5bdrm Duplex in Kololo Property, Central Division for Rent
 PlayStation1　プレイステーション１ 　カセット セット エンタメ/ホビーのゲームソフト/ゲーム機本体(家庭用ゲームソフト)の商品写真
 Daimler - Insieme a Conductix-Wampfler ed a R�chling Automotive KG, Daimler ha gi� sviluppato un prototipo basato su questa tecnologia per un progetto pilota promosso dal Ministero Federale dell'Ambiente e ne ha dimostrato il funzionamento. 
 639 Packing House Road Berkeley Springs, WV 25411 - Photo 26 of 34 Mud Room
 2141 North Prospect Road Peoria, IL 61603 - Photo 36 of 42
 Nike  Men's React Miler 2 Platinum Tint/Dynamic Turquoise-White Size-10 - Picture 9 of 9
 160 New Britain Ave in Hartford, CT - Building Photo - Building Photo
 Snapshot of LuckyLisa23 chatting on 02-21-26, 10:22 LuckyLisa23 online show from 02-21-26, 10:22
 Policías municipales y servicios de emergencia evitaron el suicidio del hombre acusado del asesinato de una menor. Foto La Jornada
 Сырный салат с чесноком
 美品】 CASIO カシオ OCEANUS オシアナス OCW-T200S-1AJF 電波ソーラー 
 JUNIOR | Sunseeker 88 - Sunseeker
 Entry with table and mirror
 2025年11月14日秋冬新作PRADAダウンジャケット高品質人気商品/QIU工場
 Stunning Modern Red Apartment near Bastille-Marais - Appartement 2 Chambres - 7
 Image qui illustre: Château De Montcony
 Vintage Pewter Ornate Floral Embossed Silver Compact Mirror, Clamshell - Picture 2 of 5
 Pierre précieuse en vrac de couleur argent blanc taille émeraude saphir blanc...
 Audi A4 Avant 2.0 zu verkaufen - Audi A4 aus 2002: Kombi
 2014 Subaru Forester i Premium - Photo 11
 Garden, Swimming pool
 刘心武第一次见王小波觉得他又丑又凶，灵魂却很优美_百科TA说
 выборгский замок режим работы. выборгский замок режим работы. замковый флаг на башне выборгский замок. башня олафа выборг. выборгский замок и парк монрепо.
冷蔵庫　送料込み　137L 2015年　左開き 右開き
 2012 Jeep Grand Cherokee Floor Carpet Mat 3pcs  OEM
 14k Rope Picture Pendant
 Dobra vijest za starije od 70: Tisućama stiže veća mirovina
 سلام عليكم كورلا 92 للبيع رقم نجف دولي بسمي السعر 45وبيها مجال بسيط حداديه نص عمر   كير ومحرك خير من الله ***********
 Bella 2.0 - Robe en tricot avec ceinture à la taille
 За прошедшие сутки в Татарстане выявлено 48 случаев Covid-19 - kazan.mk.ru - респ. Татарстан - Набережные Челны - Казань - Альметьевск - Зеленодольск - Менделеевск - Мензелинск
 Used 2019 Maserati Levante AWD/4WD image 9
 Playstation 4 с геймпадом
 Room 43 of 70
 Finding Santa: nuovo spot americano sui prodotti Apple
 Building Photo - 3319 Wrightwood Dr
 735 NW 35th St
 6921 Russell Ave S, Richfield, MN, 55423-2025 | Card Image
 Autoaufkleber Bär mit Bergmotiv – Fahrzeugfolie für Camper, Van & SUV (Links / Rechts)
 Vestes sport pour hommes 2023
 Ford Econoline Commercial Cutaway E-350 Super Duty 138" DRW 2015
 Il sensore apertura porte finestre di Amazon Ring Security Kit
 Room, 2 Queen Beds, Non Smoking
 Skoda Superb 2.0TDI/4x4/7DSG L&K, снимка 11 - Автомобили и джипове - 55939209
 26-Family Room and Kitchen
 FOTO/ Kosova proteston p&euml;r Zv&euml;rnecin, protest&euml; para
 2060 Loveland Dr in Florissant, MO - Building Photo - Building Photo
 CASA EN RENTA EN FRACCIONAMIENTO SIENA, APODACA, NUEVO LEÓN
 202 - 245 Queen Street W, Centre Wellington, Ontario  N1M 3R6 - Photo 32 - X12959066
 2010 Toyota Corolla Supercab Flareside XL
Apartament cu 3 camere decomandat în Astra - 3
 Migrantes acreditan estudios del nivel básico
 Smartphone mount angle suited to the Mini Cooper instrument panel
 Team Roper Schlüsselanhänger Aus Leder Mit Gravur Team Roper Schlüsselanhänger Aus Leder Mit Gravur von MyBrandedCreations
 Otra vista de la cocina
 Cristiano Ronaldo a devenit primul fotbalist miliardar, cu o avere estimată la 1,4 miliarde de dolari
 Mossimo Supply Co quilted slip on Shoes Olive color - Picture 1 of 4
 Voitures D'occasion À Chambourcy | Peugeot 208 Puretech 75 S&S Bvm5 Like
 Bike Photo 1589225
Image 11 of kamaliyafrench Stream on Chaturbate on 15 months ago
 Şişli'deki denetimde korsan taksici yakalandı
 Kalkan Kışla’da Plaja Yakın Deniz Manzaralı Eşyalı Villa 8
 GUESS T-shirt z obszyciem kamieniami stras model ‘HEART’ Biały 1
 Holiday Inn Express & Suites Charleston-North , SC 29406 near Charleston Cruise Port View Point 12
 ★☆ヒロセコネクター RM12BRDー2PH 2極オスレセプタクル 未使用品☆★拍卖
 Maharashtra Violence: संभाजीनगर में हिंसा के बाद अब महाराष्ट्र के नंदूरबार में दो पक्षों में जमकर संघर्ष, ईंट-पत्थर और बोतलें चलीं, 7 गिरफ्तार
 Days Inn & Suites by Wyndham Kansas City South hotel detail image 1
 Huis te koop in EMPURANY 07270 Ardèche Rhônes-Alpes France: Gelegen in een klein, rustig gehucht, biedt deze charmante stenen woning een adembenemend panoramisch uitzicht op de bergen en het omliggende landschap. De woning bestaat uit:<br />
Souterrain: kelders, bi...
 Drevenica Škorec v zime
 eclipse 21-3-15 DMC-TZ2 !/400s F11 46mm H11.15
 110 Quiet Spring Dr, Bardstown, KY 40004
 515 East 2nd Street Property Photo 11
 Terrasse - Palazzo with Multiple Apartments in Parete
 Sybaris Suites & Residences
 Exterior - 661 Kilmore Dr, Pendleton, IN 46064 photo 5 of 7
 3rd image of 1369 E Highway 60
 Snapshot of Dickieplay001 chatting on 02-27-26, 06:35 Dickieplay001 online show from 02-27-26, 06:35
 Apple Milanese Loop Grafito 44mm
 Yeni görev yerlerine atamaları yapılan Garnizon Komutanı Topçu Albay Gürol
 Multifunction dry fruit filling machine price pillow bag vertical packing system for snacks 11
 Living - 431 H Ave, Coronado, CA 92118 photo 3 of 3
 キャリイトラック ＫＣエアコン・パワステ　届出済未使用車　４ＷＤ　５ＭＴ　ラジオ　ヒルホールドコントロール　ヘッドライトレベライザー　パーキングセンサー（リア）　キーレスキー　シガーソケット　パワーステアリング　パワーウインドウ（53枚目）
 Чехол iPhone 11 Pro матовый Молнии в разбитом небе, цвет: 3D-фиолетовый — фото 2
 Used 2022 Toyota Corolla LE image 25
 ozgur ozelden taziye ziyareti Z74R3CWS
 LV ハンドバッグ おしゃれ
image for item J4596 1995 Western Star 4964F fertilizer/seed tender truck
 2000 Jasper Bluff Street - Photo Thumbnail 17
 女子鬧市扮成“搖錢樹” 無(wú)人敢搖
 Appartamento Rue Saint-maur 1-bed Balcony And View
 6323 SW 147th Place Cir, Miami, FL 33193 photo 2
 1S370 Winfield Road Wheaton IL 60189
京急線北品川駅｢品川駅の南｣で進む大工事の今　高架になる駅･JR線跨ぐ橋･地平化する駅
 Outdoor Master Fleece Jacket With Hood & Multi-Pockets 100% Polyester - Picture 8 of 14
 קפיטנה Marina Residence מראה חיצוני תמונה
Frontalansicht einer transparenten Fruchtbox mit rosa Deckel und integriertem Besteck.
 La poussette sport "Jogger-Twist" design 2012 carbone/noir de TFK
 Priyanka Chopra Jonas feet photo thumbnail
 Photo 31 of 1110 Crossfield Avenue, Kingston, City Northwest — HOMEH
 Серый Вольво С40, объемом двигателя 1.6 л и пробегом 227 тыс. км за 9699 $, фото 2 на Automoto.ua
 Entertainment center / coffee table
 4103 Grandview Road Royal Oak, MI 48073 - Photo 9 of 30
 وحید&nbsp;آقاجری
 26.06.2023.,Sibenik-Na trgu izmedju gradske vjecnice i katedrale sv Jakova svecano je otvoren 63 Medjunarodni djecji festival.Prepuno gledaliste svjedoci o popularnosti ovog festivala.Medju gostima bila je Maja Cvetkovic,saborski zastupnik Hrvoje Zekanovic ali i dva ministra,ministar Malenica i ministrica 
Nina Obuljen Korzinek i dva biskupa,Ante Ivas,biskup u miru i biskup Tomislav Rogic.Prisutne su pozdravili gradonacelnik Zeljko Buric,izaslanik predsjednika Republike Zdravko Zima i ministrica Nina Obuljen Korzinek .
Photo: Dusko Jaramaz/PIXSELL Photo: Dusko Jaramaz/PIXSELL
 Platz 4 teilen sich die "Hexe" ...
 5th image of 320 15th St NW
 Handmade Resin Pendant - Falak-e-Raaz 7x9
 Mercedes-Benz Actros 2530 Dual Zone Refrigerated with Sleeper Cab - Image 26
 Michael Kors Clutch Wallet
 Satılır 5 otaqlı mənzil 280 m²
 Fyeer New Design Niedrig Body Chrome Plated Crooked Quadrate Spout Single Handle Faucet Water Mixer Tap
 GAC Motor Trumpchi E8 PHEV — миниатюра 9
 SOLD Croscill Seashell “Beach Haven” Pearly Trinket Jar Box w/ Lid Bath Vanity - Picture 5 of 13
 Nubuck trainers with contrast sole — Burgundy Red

=======

### Task
Report only the number of lines, among the records above, that contain the word "Toyota".

### Answer space
2